To the best of our knowledge, this is one of the first epidemiological studies on depression performed in Spanish adolescents. The results obtained have allowed us to determine the prevalence and degree of depression in 15 to 16 year olds, which is slight lower than in previous studies.
 
In conclusion, our study found that although a high percentage of adolescents were at risk of developing depression (7.92%; 95% CI=6.54 to 9.56%), only 1.29% (95% CI=0.80 to 2.09%) of the study population met the diagnostic criteria for MDD. This disorder was more frequent in girls and in youths over 16 years of age and presented high comorbidity with other psychiatric disorders. Specific screening is recommended for students with depressive symptoms in the school environment. Thus, the training of health and education professionals is vital to improve the identification of signs and symptoms of depression in adolescents. Using screening questionnaires like the BDI can facilitate early detection of MDD in youth and allow initiation of treatment in the early stages of the disorder to reduce the recurrence, chronicity and morbidity associated with depression in adolescents, especially suicide behaviours prevention. 


 LIMITATIONS

Despite the strengths of our study, especially with respect to specific data on 15/16-year-olds, there are some limitations which should be outlined.
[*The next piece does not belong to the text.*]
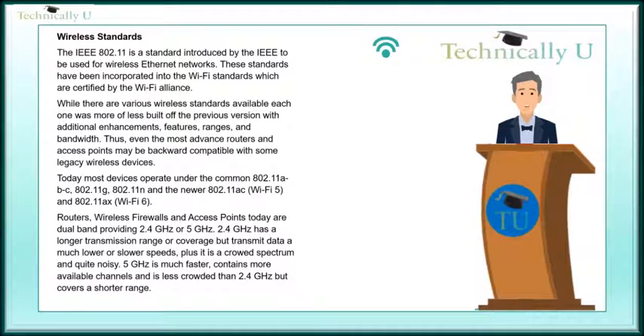Today most devices operate under the common 802.11a, b, c, 802.11g, 802.11n, and the newer 802.11ac (Wi-Fi 5) and 802.11ax (Wi-Fi 6).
The refusal rates in the screening period (45%) and in the second phase (33%) are higher than expected and the prevalence of depression may have been partially underestimated.  Furthermore, we are the sole psychiatry department in our health area, so if patients with depressive symptoms are missed in this period, they would be detected by primary care or school nurses and referred to our department for treatment.
 
Another limitation of our study is that we did not use structured tools to identify participants’ family history, which may explain why we were not able to replicate the association found in the literature. While the use of these tools is desirable and recommended for future studies, it was reluctantly decided that due to the size of the population of our catchment area and the limited psychiatric services available, administration of these instruments would not have been practical within the study time frame.
 
Further studies are required to corroborate these results and determine with greater accuracy where resources   can   best   be employed  to  improve  the effectiveness and focus of interventions designed for adolescents at risk of MDD. 


 CONFLICT OF INTERESTS

The authors declared no conflict of interest related to this.


 ABBREVIATIONS

MDD, Major depressive disorder; K-SADS, Kiddie Schedule for Affective Disorders and Schizophrenia for School-Age Children; BDI, Beck Depression Inventory; EAAD, European Alliance Against Depression; SPSS, Statistical Package for the Social Sciences; CBCL, Child Behavior Check-list; STAIC, State-Trait Anxiety Inventory for Children; CEIC, Comité Ético de Investigación Clínica; CSUPT, Corporació Sanitaria i Universitària del Parc Taulí.


 ACKNOWLEDGEMENTS

The authors wish to thank all secondary education schools and professionals from Sabadell that participated in the research. The European Alliance Against Depression is funded by grant number 2005323 from the Public Health Executive Agency, the European Commission and by the Health Department of de Generalitat de Catalunya (doc.240566).
 
Ethical approval: CEIC Parc Taulí number 2008/513.